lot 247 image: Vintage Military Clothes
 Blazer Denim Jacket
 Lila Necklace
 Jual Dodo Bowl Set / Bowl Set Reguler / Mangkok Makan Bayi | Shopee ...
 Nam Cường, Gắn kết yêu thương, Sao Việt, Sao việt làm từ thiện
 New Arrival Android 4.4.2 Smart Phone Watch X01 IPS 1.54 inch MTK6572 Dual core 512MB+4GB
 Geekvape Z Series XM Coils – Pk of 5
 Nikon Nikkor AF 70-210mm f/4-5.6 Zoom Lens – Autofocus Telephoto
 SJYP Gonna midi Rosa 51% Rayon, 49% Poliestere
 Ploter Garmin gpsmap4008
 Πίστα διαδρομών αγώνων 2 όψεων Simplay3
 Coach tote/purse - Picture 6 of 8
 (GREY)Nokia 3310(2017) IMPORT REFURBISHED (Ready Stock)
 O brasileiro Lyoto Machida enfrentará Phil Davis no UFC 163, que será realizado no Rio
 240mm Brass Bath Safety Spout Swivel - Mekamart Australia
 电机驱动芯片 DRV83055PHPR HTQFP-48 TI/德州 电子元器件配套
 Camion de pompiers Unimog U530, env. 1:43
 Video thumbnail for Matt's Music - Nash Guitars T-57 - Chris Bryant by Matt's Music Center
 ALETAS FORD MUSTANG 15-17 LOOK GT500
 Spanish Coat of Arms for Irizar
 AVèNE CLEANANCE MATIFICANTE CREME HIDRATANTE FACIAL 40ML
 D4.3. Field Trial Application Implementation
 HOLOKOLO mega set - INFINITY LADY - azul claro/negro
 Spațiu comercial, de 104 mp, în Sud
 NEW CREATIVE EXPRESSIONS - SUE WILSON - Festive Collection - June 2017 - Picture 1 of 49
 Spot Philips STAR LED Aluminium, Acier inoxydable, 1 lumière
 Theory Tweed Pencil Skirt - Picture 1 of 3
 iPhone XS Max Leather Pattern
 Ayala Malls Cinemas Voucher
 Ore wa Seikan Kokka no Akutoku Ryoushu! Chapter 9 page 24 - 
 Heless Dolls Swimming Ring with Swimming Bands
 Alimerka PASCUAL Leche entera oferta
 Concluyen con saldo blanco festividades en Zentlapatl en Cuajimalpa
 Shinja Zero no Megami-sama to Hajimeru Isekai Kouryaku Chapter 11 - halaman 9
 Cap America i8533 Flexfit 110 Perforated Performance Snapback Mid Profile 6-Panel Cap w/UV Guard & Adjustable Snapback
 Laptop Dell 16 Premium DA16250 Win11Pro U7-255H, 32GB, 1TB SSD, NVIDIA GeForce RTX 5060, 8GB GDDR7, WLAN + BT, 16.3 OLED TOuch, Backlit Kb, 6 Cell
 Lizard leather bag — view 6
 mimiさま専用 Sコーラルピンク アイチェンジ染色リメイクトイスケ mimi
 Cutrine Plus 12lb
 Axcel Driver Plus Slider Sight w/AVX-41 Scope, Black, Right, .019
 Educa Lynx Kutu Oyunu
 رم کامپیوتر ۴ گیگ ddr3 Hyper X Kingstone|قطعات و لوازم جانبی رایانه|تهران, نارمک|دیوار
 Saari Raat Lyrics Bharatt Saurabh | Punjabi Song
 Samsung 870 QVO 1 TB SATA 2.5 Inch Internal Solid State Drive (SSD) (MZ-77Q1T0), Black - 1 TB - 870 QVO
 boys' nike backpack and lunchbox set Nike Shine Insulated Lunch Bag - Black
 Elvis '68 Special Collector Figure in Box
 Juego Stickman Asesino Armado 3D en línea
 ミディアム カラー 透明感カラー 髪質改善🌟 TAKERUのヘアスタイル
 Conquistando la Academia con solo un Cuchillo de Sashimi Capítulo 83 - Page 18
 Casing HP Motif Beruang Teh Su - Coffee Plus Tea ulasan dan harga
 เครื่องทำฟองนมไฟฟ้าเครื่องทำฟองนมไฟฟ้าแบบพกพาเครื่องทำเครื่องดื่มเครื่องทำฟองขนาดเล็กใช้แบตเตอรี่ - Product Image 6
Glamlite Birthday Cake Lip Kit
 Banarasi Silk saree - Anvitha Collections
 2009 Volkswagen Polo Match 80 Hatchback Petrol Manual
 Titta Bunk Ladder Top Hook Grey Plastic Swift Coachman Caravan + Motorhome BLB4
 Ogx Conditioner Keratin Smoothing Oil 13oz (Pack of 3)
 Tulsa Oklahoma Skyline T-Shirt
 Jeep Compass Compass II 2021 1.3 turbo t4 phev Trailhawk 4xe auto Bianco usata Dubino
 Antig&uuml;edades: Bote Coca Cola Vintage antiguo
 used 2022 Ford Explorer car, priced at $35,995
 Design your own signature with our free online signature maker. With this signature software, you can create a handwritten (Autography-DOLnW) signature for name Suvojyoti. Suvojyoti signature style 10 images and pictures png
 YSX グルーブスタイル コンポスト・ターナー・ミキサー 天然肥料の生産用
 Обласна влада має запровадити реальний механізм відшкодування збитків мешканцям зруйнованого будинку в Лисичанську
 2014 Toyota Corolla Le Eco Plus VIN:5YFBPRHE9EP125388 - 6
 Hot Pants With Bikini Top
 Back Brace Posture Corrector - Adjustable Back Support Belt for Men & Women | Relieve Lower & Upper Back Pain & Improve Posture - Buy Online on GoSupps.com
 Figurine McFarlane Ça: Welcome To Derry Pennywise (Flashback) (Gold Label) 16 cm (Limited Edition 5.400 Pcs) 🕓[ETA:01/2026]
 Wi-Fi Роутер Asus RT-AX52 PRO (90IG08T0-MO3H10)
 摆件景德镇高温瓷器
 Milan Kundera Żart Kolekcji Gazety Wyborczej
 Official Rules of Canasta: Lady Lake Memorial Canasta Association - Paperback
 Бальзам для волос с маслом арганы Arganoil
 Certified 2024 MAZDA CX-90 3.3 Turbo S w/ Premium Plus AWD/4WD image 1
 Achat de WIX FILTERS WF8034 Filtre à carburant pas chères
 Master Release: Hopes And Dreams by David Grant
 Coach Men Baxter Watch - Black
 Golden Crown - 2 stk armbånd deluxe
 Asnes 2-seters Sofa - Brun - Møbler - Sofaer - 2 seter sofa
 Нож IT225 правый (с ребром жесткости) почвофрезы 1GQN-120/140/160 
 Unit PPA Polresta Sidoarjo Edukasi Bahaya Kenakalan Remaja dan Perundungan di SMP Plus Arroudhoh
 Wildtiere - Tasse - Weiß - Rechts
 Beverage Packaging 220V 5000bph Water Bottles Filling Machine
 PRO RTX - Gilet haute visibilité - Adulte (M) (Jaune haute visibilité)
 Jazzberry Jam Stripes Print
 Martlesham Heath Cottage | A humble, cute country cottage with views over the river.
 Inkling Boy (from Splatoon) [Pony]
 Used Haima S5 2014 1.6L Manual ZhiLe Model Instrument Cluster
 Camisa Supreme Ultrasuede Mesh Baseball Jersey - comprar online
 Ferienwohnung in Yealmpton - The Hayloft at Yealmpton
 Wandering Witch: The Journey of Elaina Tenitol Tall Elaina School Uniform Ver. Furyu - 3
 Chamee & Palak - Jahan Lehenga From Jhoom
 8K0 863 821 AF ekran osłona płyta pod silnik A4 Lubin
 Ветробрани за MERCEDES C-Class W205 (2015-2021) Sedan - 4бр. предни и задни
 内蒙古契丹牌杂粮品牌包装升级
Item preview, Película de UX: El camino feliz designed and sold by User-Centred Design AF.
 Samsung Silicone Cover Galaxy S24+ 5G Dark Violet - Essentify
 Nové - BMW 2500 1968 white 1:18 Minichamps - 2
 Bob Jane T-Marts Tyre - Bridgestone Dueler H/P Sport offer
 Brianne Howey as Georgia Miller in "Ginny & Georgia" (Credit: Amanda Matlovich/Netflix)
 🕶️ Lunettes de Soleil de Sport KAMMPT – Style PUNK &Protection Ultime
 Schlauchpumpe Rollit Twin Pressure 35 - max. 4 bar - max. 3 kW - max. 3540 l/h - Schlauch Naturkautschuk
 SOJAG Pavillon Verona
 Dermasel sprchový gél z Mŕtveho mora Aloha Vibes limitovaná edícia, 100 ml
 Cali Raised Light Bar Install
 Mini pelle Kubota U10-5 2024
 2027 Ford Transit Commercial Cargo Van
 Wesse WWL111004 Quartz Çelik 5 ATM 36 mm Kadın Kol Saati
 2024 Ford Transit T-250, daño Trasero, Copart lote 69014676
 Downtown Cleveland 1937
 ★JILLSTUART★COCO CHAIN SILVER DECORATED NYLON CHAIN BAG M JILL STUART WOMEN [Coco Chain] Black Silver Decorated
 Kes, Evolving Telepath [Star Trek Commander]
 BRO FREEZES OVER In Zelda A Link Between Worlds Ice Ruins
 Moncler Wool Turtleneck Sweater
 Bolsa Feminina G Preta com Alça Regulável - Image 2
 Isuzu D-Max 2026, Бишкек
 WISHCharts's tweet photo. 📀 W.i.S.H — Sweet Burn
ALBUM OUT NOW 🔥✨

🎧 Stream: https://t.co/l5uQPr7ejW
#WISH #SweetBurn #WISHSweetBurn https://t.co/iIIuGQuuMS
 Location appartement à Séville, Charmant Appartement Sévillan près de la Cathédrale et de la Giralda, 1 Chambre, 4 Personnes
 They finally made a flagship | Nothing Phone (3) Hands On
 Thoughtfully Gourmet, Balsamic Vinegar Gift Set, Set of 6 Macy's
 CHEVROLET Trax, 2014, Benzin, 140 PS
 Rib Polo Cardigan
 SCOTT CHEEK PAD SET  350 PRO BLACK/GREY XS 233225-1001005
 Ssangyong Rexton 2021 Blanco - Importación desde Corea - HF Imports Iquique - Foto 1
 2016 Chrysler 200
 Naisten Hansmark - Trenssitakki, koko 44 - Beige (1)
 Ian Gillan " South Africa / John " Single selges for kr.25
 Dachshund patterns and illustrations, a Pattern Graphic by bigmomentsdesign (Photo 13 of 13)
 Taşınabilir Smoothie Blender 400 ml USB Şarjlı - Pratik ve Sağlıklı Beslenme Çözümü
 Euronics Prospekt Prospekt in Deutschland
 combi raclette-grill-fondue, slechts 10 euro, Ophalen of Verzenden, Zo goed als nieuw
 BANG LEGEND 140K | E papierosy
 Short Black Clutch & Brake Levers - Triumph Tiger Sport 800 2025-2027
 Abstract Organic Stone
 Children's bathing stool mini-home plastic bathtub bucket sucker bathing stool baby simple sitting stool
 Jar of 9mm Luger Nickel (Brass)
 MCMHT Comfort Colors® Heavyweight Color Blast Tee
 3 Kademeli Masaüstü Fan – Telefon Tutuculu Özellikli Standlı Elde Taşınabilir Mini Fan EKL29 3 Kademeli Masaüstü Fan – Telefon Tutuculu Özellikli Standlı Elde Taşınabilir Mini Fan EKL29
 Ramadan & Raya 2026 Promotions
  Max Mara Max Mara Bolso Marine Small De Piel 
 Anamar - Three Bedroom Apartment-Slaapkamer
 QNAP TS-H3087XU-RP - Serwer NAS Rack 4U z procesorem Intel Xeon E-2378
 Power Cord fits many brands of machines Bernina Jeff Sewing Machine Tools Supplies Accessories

_Exercise instructions_
Scan the lines above for the word "Samsung" and copy every one where it occurs.

_Answer below_
 Samsung 870 QVO 1 TB SATA 2.5 Inch Internal Solid State Drive (SSD) (MZ-77Q1T0), Black - 1 TB - 870 QVO
 Samsung Silicone Cover Galaxy S24+ 5G Dark Violet - Essentify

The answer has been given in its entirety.